On Tue, 18 Nov 2008 16:01:51 -0500, Scott McKellar <[EMAIL PROTECTED]> wrote:

--- On Tue, 11/18/08, Bill Erickson <[EMAIL PROTECTED]> wrote:

From: Bill Erickson <[EMAIL PROTECTED]>
<snip>

I've run into one issue with these last 2 patches, in
particular, there
seems to be a subtle difference in uescape() and
buffer_append_uescape().
The majority of the JSON parsing succeeds, but parsing
certain
bibliographic data (MARC records) always results in NULL
when attempting
to encode the containing object (biblio_record entry
objects).    If I
replace the call to buffer_append_uescape() with a call to
uescape() in
osrf_json_object.c, then all is well.

I would send you some sample data to test, but I've yet
to recreate the
issue outside of a running system.  For now, I'm adding
some logging to
see if I can track it down.  I just wanted to pass this on
in case any
lightbulbs went off.  I'll let you if I find
something...

I'm not sure what you mean by "always results in NULL".  What is NULL?
The return from the original uescape()?  That would indicate invalid
UTF-8 characters in the input string.

Maybe you mean that the buffer_append_uescape() seems to work, but the
resulting JSON string later fails to parse correctly.

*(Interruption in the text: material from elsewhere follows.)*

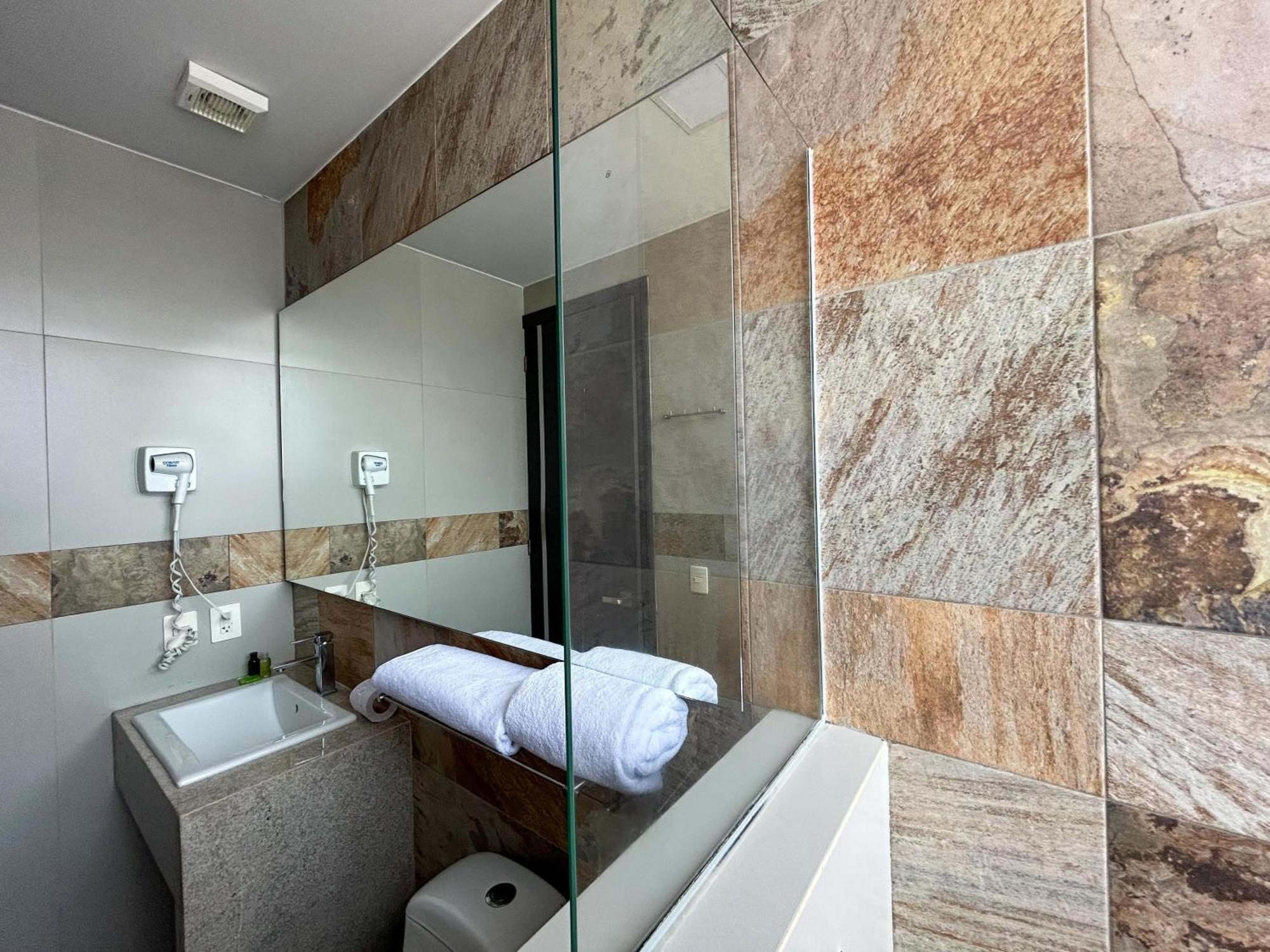 Double Room,1670990650:JPEG
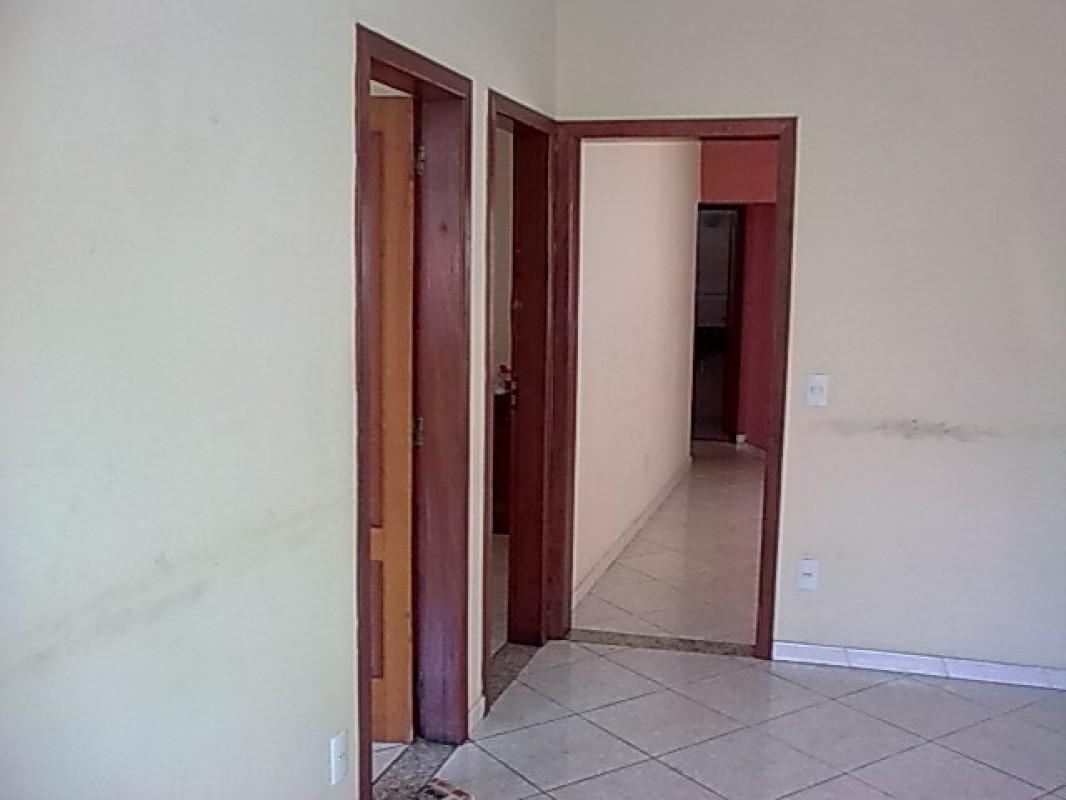 Casa, Floresta, 3 Quartos, 1 Vaga, 1 Suíte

In my test harness I translated things both ways and tested with strcmp()
to verify that I got the same results.  However I didn't test with
non-ASCII characters, so that's likely to be the weakest link.  It may
be that I'm mangling the UTF-8.

I'm more inclined to think that you have invalid UTF-8 characters in some
of your MARC records.  You wouldn't know about it because uescape()
silently discards an entire input string if any of it is invalid.  The
new function translates as far as it can before it hits the invalid
characters.  I *think* that the result would still be valid JSON, because
we only translate the values of strings, which get enclosed by double
quotes anyway.  However the semantics of that string might be invalid
at some higher level.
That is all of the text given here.